Palatability and Antipredator Response of Yosemite Toad (Bufo canorus) to Nonnative Brook Trout (Salvelinus fontinalis) in the Sierra Nevada Mountains of California.
Statement of the Problem - The global phenomenon of unexplained amphibian declines has been met with an increase of investigations into the possible anthropogenic as well as natural causes. Alien or introduced predators such as fish will often compete, displace or prey upon native amphibians. Amphibians that have evolved in fishless habitats often lack the necessary chemical defenses and behavioral responses to avoid predation and are thus unable to resist or co-occur with introduced predators due to the lack of a shared history. Toads, however possess noxious chemicals that may be adequate to deter non-native predators which may allow co-occurrence with alien predators, even when the same introduced predator has already been implicated in the decline of other amphibian species. Yosemite toads have experienced population declines throughout their range in which trout have been widely introduced, but it is not clear whether trout are responsible for the decline through direct predation of larval life stages.

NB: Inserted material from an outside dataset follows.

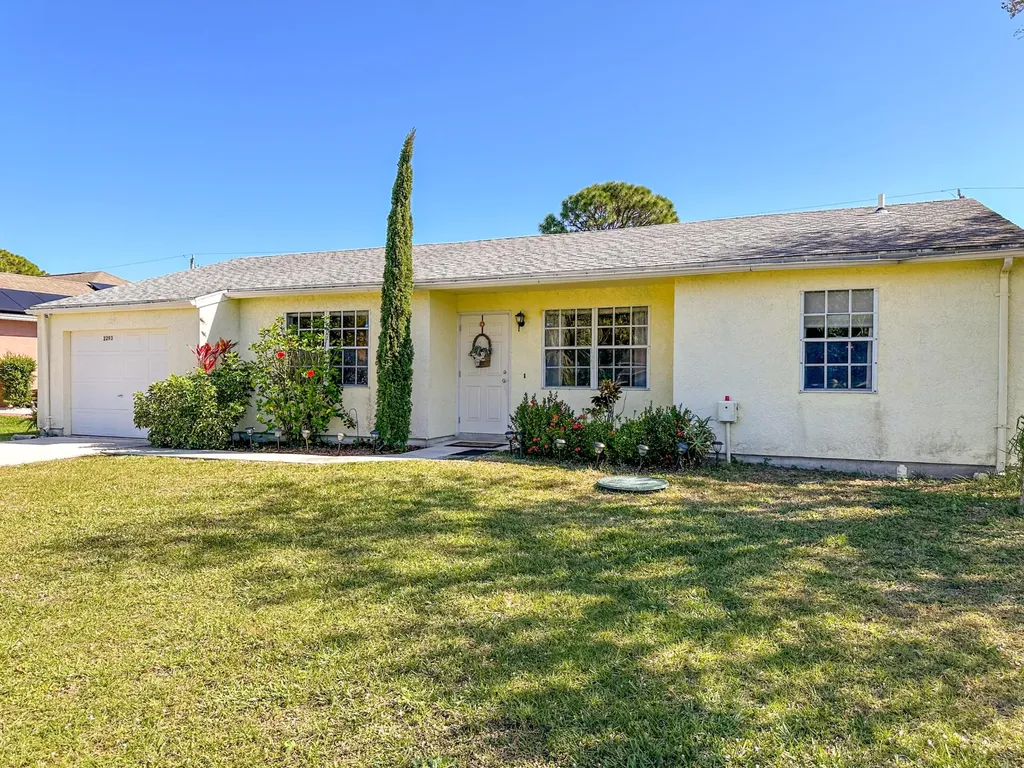 2293 SE Berkshire Boulevard Port St Lucie FL 34952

Sources of the Data - Research was conducted June, 2004 and August, 2005 at the University of California Santa Barbara ’s Sierra Aquatic Research Laboratory (SNARL), part of the Valentine Eastern Reserve System. Brook trout were collected via hook-and-line from two alpine lakes in Inyo National Forest . Yosemite toad eggs (2004) and recently metamorphosed toads (2005) were collected by hand from Edith Lake area and Glacier Bench (Mono Co., CA). Through a series of no-choice palatability trials, antipredator response experiments and choice experiments I determined the level of threat brook trout pose to larval Yosemite toad life stages.
Conclusions -Two major conclusions can be drawn from my research. Firstly, brook trout found all early life stages of Yosemite toads to be unpalatable and unlikely rely on these stages as a primary food source in aquatic montane environments. Secondly, even though Yosemite toads were sampled by trout the toads did not suffer any ill effects.
Grasso, Robert Lawrence (2005) Palatability and Antipredator Response of Yosemite Toad (Bufo canorus) to Nonnative Brook Trout (Salvelinus fontinalis) in the Sierra Nevada Mountains of California. Masters thesis, Department of Biological Sciences, California State University, Sacramento.
Rob joined the lab in Fall 2003 and finished in December 2005.